[PROVIDED RECORDS]:
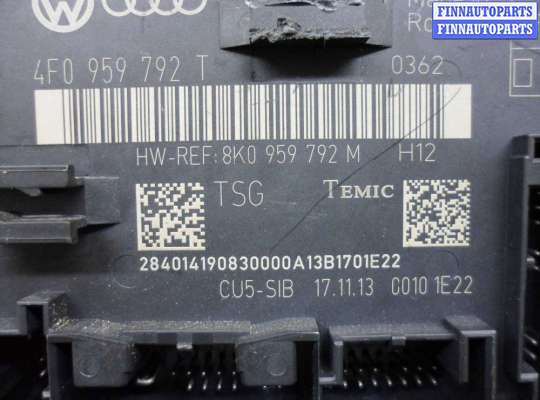 купить Блок управления передней правой двери на Audi Q7 (4LB) рестайлинг 2009 - 2015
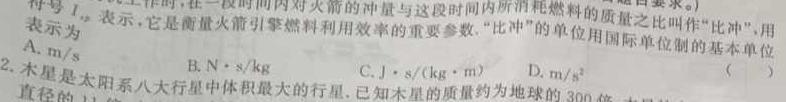 [今日更新]快乐考生 2024届双考信息卷·第九辑 背水一战 押题卷(一)1.物理试卷答案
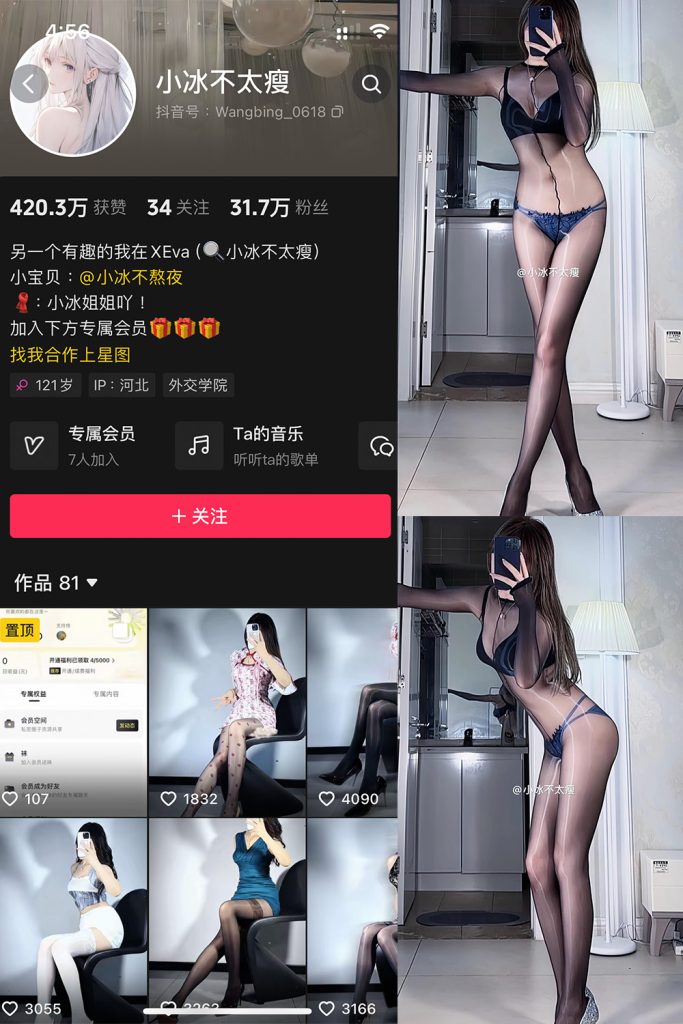 抖音 小冰不太瘦 微密圈 NO.033期 【4P9V】最新至：2024.9.6-草莓酱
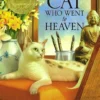 The Cat Who Went to Heaven | 9781580627733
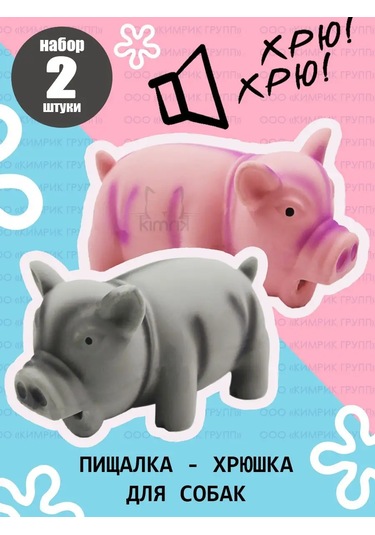 Kımrık Labutin Oyunu "gürleyen Domuzcuk" 15 Cm 169797516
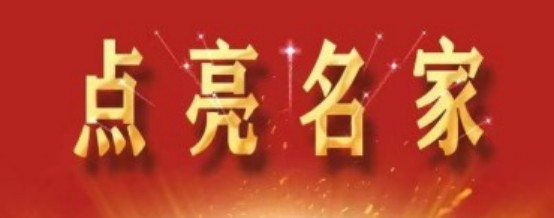 新时代企业家领航者——金凤章董事长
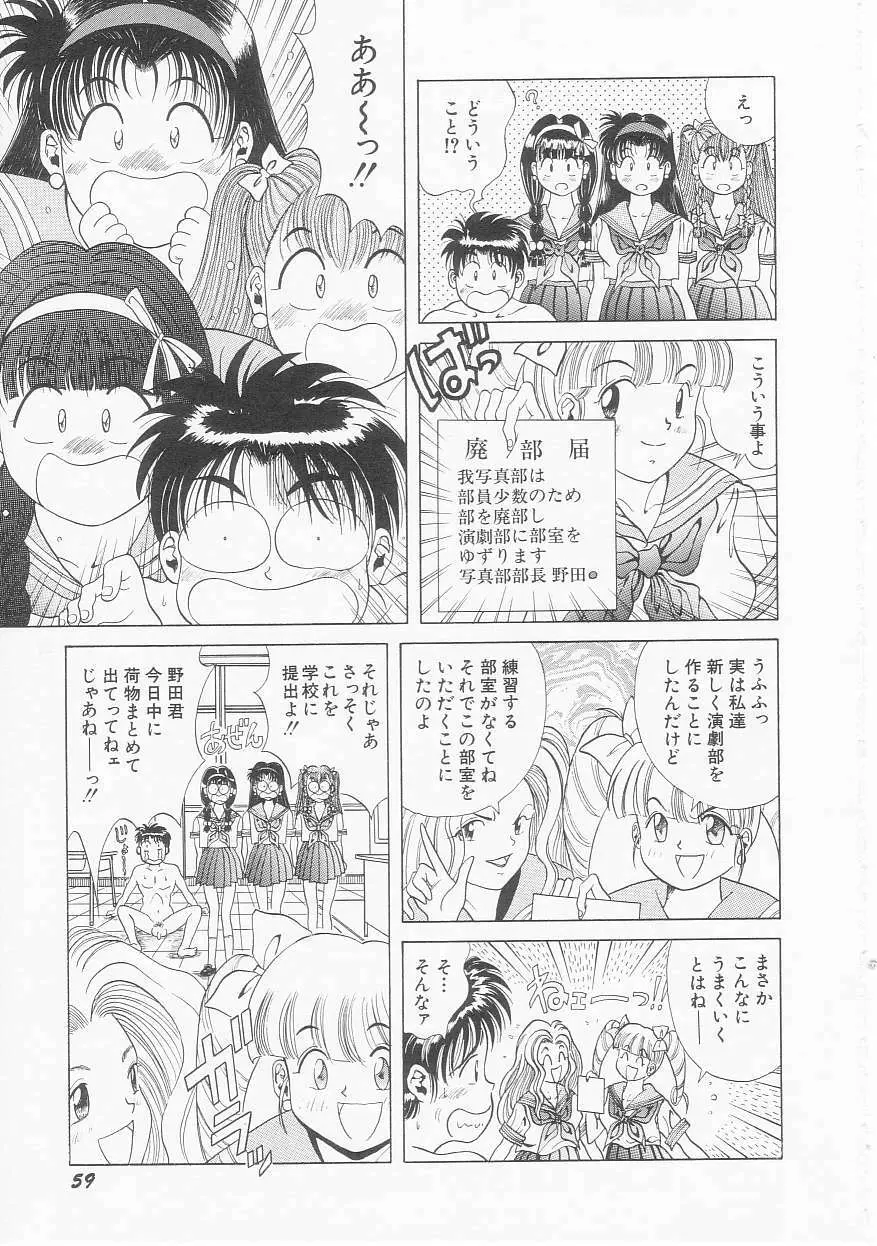 いちごももりんご Page.61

[WHAT IS BEING ASKED]: Write out each entry word for word, images excluded.

[THE COMPLETED TASK]:
 купить Блок управления передней правой двери на Audi Q7 (4LB) рестайлинг 2009 - 2015
 [今日更新]快乐考生 2024届双考信息卷·第九辑 背水一战 押题卷(一)1.物理试卷答案
 抖音 小冰不太瘦 微密圈 NO.033期 【4P9V】最新至：2024.9.6-草莓酱
 The Cat Who Went to Heaven | 9781580627733
 Kımrık Labutin Oyunu "gürleyen Domuzcuk" 15 Cm 169797516
 新时代企业家领航者——金凤章董事长
 いちごももりんご Page.61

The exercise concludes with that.